Data for this exercise START
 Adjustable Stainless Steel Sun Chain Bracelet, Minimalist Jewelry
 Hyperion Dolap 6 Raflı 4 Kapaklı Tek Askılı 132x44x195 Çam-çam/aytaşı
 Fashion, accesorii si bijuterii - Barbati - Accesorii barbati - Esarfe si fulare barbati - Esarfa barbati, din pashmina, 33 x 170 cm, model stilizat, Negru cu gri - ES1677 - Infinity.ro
Data for this exercise END
Data for this exercise START
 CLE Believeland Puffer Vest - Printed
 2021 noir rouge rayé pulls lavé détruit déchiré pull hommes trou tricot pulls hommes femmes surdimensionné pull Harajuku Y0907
Data for this exercise END
Exercise - From the material above, retype precisely the lines between the line holding "Adjustable Stainless Steel" and the line holding "Fashion, accesorii si", inclusive, and nothing beyond them.

Response area -
 Adjustable Stainless Steel Sun Chain Bracelet, Minimalist Jewelry
 Hyperion Dolap 6 Raflı 4 Kapaklı Tek Askılı 132x44x195 Çam-çam/aytaşı
 Fashion, accesorii si bijuterii - Barbati - Accesorii barbati - Esarfe si fulare barbati - Esarfa barbati, din pashmina, 33 x 170 cm, model stilizat, Negru cu gri - ES1677 - Infinity.ro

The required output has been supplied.